SOURCE MATERIAL Block Start
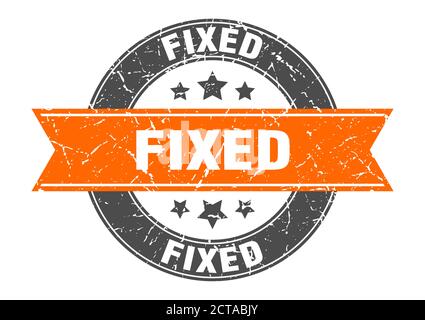 fixed round stamp with ribbon. sign. label Stock Vector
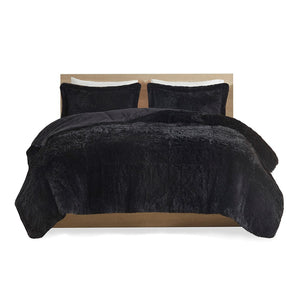 English Elm King/Cal Shaggy Long Fur Comforter Mini Set – Plush Faux Fur Reversible Comforter with Fluffy Shams, Cozy King/Cal Bedding B03595935
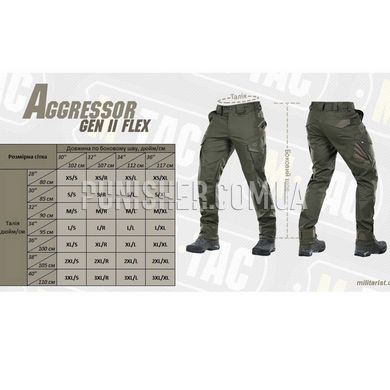 M-Tac Aggressor Gen.II Flex Olive Pants, Olive, 30/32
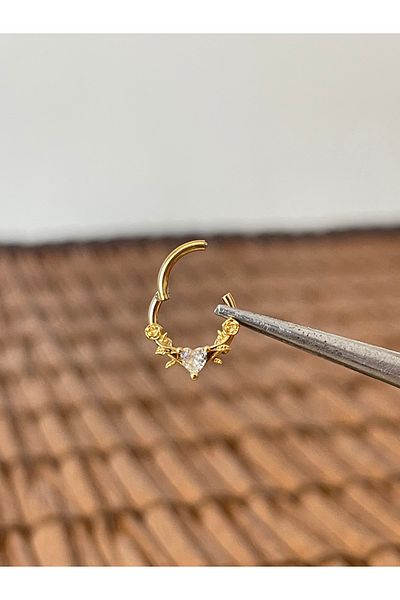 Rupen Kraft 316 L Surgical Steel Roses and Zircon Heart Interlocking Ring Piercing 8 mm X 1.2 mm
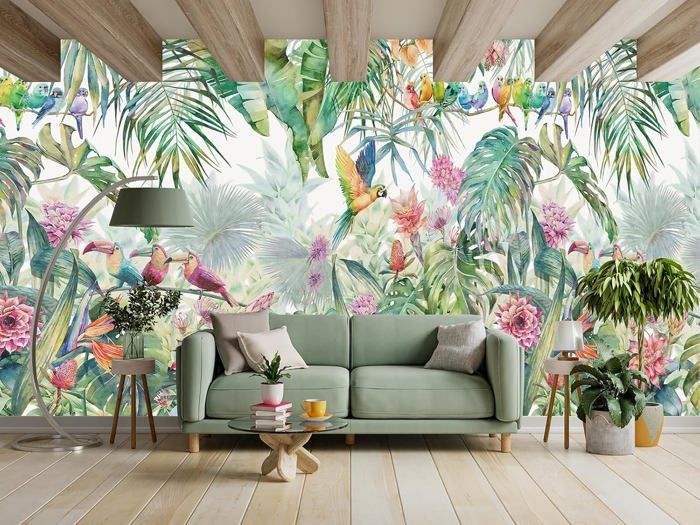 Papier Peint Panoramique Jungle,Soie 350×256cm 3D Poster Geant Mural ...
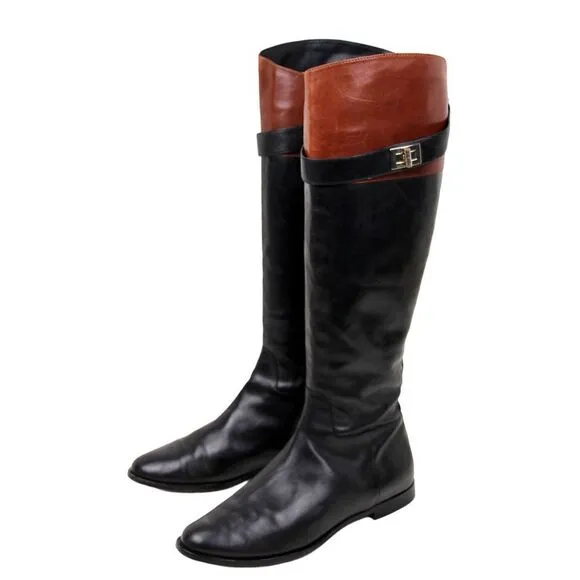 Cole Haan BLACK BROWN GENUINE LEATHER LOW HEEL ZIP SIDE TALL BOOTS Sz 7B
SOURCE MATERIAL Block End
■ **THE PROBLEM**: Leave out the pictures and return the rest of the records exactly.

■ **WRITTEN SOLUTION**:
 fixed round stamp with ribbon. sign. label Stock Vector
 English Elm King/Cal Shaggy Long Fur Comforter Mini Set – Plush Faux Fur Reversible Comforter with Fluffy Shams, Cozy King/Cal Bedding B03595935
 M-Tac Aggressor Gen.II Flex Olive Pants, Olive, 30/32
 Rupen Kraft 316 L Surgical Steel Roses and Zircon Heart Interlocking Ring Piercing 8 mm X 1.2 mm
 Papier Peint Panoramique Jungle,Soie 350×256cm 3D Poster Geant Mural ...
 Cole Haan BLACK BROWN GENUINE LEATHER LOW HEEL ZIP SIDE TALL BOOTS Sz 7B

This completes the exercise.